To validate these URLs, run `npx valimate` in your terminal or `valimate` within the context of an npm script. Valimate will read the config; each URL is requested via HTTP GET, and the returned markup is sent to the Nu validator.

All of the configuration options are listed on the [valimate.json wiki page](https://github.com/jamesseanwright/valimate/wiki/valimate.json).

## Running with another configuration file

Run `npx valimate file.json` in your terminal or `valimate file.json` within the context of an npm script.

## Running against a local app server

In a continuous integration scenario, it could be ideal validate your app server with the latest code changes. If this server is developed in Node.js, then you can use the [Valimate Notifier](https://github.com/jamesseanwright/valimate-notifier) module to defer the execution of tests until the server has started up and is ready to serve HTML.

In the valimate.json file, set the `localAppServer` to point to your server's entry script. You can also use the `env` property to pass environment variables to the process as key-value pairs:

```javascript
{
"localAppServer": {
"entryPoint": "app.js",

"env": {
"TEST": "true"
}
},

"urls": [
"http://localhost:8081/"
]
}
```

Then use the Valimate Notifier module to notify Valimate when the server is ready to be validated. The module exports a fuction which accepts one argument; a truthy value suggests that start up was successful, whereas a falsy value suggests failure, causing Valimate to exit:

```javascript
'use strict';

const http = require('http');
const notifyValimate = require('valimate-notifier');
const dataService = require('./services/myDataService');
const htmlBuilder = require('./view/htmlBuilder');

const PORT = 8081;

dataService.someAsyncOperation().then(data => {
http.createServer((req, res) => {
res.end(htmlBuilder(data), 'utf-8');
}).listen(PORT, () => {
notifyValimate(true);
});
}).catch(e => notifyValimate(false));
```

Upon running the `valimate` CLI, your app server will be started as a child process, and killed when testing is complete.
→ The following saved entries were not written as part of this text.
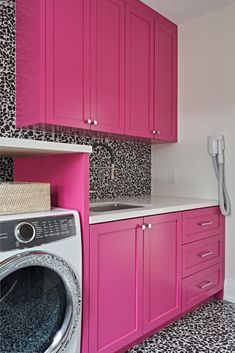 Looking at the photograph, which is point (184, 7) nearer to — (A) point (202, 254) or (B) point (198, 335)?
(A) point (202, 254)

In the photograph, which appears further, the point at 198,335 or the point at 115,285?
the point at 198,335

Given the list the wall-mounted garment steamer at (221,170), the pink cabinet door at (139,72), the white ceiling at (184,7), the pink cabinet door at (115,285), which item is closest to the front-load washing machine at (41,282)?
the pink cabinet door at (115,285)

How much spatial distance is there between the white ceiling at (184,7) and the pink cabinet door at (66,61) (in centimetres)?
77

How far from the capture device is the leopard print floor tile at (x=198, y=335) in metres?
1.83

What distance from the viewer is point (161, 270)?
1969mm

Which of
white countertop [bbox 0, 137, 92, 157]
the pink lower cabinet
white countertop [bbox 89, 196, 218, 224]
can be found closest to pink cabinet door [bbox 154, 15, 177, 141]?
white countertop [bbox 89, 196, 218, 224]

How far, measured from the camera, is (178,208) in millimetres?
2094

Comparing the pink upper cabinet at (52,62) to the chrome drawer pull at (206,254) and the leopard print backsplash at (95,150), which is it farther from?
the chrome drawer pull at (206,254)

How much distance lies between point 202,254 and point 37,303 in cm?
148

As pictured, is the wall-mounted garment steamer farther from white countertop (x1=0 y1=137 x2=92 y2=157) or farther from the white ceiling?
white countertop (x1=0 y1=137 x2=92 y2=157)

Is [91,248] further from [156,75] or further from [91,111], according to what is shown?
[156,75]

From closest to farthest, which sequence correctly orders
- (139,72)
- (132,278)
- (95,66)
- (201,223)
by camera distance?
(132,278) < (95,66) < (201,223) < (139,72)

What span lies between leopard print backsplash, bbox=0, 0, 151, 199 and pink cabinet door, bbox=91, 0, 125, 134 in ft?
1.08

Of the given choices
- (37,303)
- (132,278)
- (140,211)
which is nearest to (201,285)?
(132,278) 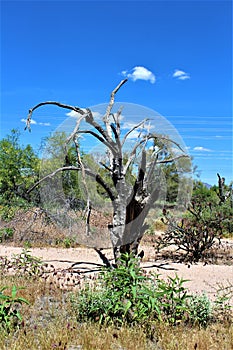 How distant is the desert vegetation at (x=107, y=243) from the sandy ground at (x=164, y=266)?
0.25 meters

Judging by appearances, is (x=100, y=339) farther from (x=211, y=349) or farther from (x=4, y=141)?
(x=4, y=141)

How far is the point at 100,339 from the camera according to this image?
9.24 ft

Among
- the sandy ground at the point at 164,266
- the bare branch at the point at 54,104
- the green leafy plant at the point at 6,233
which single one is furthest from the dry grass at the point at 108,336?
the green leafy plant at the point at 6,233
If your app server has not been started by Valimate (e.g. running in production), then this method will do nothing.

## Programmatic Use

Valimate can also be imported into your Node.js scripts as a CommonJS module. It exposes the `validate` method, which takes the config as a parameter of the `Object` type. This returns a `Promise` which resolves once the URLs have been validated. A `Boolean` is passed through the chain that will be `true` if the markup is invalid, or `false` if it is valid.

```javascript
'use strict';

const valimate = require('valimate');

const config = {
urls: [
'http://jamesswright.co.uk/',
'http://jamesswright.co.uk/about-me',
'http://jamesswright.co.uk/skills'
]
};

/* protip: ~ = bitwise NOT - can use this twice to doubly
* invert the bits to coerce a bool to 1 or 0 */
valimate.validate(config)
.then(isInvalid => process.exit(~~isInvalid));
```

Using Valimate programmatically will still print results as if the library had been invoked via the CLI; this capability is simply a means of convenience; this can be useful when there are many asynchronous prerequisites involved. In the next major release, however, this _may_ directly expose validation results.